# Task to complete
Could you output the listing that follows exactly, without its images?

# Information supplied
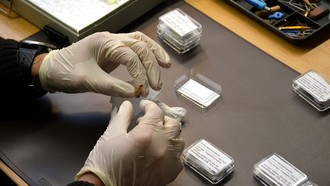 Giải mã sự suy vong của người Neanderthal thông qua ADN cổ đại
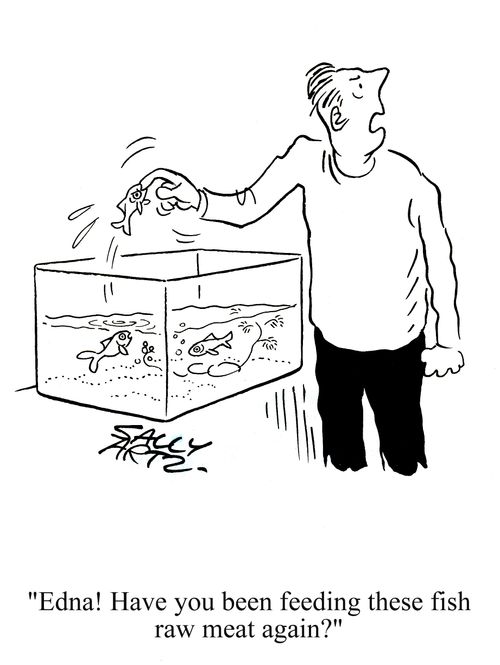 'Edna! Have you been feeding these fish raw meat again?'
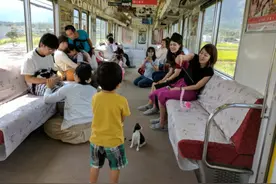 日本运行世界首列“猫咪列车” 乘客可与流浪猫玩耍(组图)图片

# Solution to this task
 Giải mã sự suy vong của người Neanderthal thông qua ADN cổ đại
 'Edna! Have you been feeding these fish raw meat again?'
 日本运行世界首列“猫咪列车” 乘客可与流浪猫玩耍(组图)图片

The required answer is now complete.